В простодушных воспоминаниях одного священника, печатавшихся в «Астраханских епархиальных ведомостях», сказано, что, услышав о своем зачислении в духовную академию, оный автор «благодарил господа тихо, без особенного восторга».
И, уж конечно, «без особенного восторга» переступил порог астраханского училища Борис Кустодиев, как вскорости и его младший брат Михаил. Стоит хотя бы бегло взглянуть на правила поведения, предначертанные здесь воспитанникам, чтобы понять и разделить чувства новичков.
«В классе во время урока ученики сидят в сюртуках, застегнутых на все пуговицы».
«Играми воспитанники занимаются только такими, которые дозволены начальством».
«Играть даже в дозволенные игры в промежуточное между уроками время воспрещается».
«По окончании уроков квартирные ученики расходятся по домам и идут по улицам, как прилично благовоспитанным детям».
Если в часы, назначаемые для вечерних занятий, квартирному ученику «необходимо выйти со двора, то он обязан до своего выхода записать в квартирный журнал, куда, зачем и на сколько времени он отлучается и затем положить на видном месте…».
«Книги для чтения берутся воспитанниками из библиотеки училища по указаниям наставников и начальства. Примечание: покупать книги для чтения на базаре не дозволяется».
Даже креститься и кланяться во время молитвы следует «правильно, неторопливо и непорывисто».
Живой, наблюдательный, жадный до всевозможных новых впечатлений, обладающий большим юмором и тонким звукоподражанием, Борис Кустодиев любит кого-нибудь «изобразить» и беззлобно передразнить. (Много лет спустя один из его астраханских друзей припомнит, как будущий художник, плывя с ним в лодке, переполошил всех окрестных собак, искусно подражая их лаю.
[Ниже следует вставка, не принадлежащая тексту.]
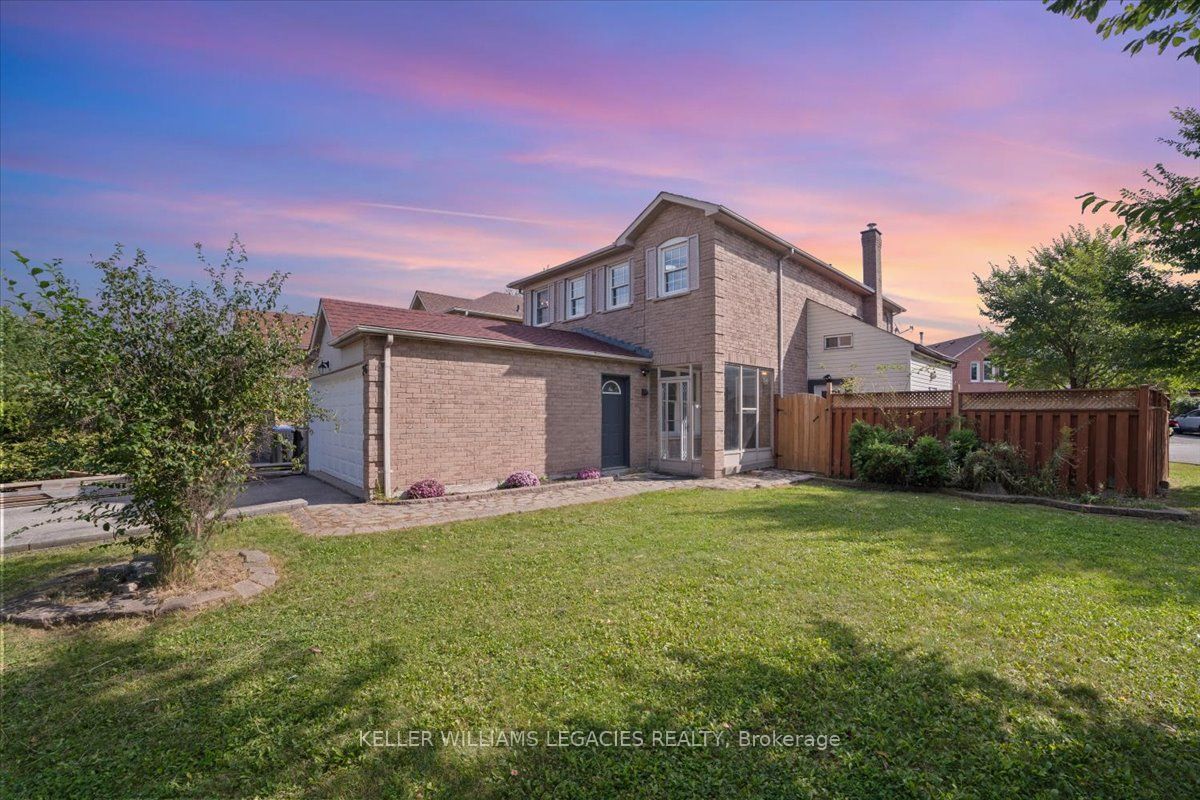 26 Newman Crt, Brampton, Ontario, Westgate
В других случаях он жалобно пищал, как потерявшийся цыпленок, и сбивал с толку заботливую клушу, начинавшую метаться в напрасных поисках.) Однако «правила» и тут начеку:
«Идя по улице, ученики не должны зевать по сторонам… шалить… вступать в игры с уличными мальчиками, останавливаться у лотков или лавок торговцев… в окна домов, мимо которых приходится проходить, не засматривать, в лица, встречающиеся на пути, пристально не всматриваться… Строго воспрещается… смеяться и шутить над товарищем… Строго будут наказываемы те воспитанники, которые где бы и чем бы то ни было станут… рисовать какие-нибудь не свойственные духовным воспитанникам и вообще неприличные карикатуры и другие изображения».
А Кустодиев уже одиннадцати-двенадцати лет увлекается вырезыванием смешных фигурок из мягкого камня! Простится ли ему этот «грех» за то, что у него высокие баллы по иконописанию, уроки которого дает Меликов, окончивший класс живописи в Училище Московского художественного общества.
Еще не написан знаменитый «Человек в футляре», но весь дух училища был бы вполне по вкусу чеховскому персонажу — да, кстати один из местных учителей и по фамилии-то — Беликов.
Далека от Кустодиева вся преподаваемая тут премудрость, хотя он послушно тянет учебную лямку!